From theory I know that the best radiating condition for an antenna is
when it resonates, that is, *when there is a standing wave… is that
correct? How this condition is compatible with a *VWWR=1 (no standing
waves) for a good antenna matching? Is there something that I’m not
catching?

Regards,

Camelot

I don't know that I'd say that "the best radiating condition for an
antenna is when it resonates," necessarily. But certainly a resonant
antenna is one that will have standing waves on it when it's excited.

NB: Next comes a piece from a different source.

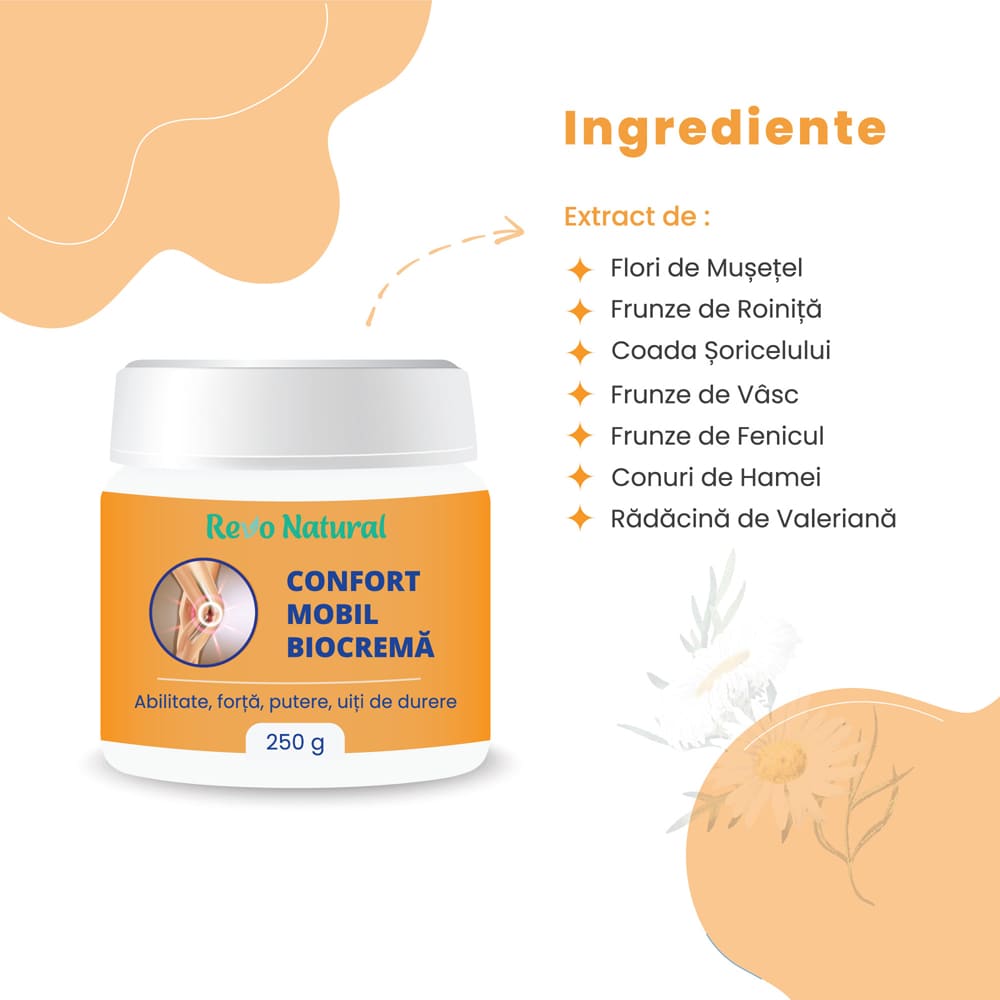 Crema Confort Mobil Bio, 250 ml, REVO NATURAL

However, the standing waves on a resonant antenna result in radiation
by the antenna, and the result of the standing waves, the radiation,
and the resonance is that the feedpoint of the antenna looks like a
resistance that absorbs power. The exact resistance depends on many
things, but in general it's a resistance that either directly provides
a good match to a transmission line, or else can be matched to a
transmission line with a few components.

By the way, it's also not necessary to have the antenna matched to the
transmission line: although a particular line with standing waves
delivering a certain amount of power to a load has more loss than the
same line delivering power to a matched load (no standing waves), the
additional loss from the standing waves may not be a big issue. In
fact, it may be better from a lost-power standpoint to use a higher
impedance open-wire line with relatively high standing waves, than to
use a low impedance line (e.g., coax) with low standing waves, because
the loss in the open-wire line can be very low. There are lots of
other factors to consider, too, but the point is that you shouldn't
assume that it's necessary to get the lowest possible SWR on the
transmission line.

Let's take one more step back from this problem. The antenna, whether
resonant or not, presents some impedance at its feedpoint. The
purpose of the transmission line is to couple power between a
transmitter and the antenna feedpoint (or from the antenna feedpoint
to a receiver). You don't need to know what's actually going on in
the antenna, you only need to know that feedpoint impedance, to select
the proper transmission line and possibly a matching network between
the line and the antenna's feedpoint. (Well...you also need to be
aware of how the metallic conductors of the transmission line may
upset the fields around the antenna and possibly provide for
decoupling the feedline from the antenna's fields, but that's separate
from the issue of coupling power between the antenna and the
transmitter/receiver.)

Keep the details of how the antenna does its job--how the current is
distributed on the antenna's conductors--separate from how you get
power to and from the antenna, and you should be OK.

Cheers,
Tom

On 9 jun, 08:06, Camelot wrote:
Hello, I have some doubts about standing waves on antennas that I hope
you could clarify!
As far as I understood, in a generic transmission line where we want
only carry power from a source to a load, we need to cancel the
reflected wave by adapting the load with the impedance of the line.
The result of this operation is S11=S22=0 and VWWR=1 that means no
standing waves.
As far as I understood, in an antenna we want to also avoid standing
waves by having *VWWR=1 in order to avoid overloading problem to the
power stage...
From theory I know that the best radiating condition for an antenna is
when it resonates, that is, *when there is a standing wave… is that
correct? How this condition is compatible with a *VWWR=1 (no standing
waves) for a good antenna matching? Is there something that I’m not
catching?

Regards,

Camelot

Hello Camelot,

Resonance in the antenna is not required for producing RF radiation.
Horn shaped structures and flared transmission lines are good
radiators over frequency ranges that can be over 1:5 (for example 1
GHz to 5 GHz). These wide band antennas rely on travelling waves in
their conductors. When the wave goes from the feed point towards the
end of the structure, it gradually attenuates because of the lost
energy due to (desired) radiation. The distribution of the current in
the antenna's conductors (amplitude and phase) determines the
radiation pattern.

Antennas made from thin wires show inconvenient impedance, except for
some special lengths. The best-known example is the halve wave center-
fed dipole. It gives a good match to coaxial transmission lines.
Though it has a good match to a 50 Ohm line (so no standing waves in
the transmission line), there are standing waves in the antenna. The
sinusoidal voltage and current distribution in a half wave dipole is
because of the large VSWR inside the antenna itself.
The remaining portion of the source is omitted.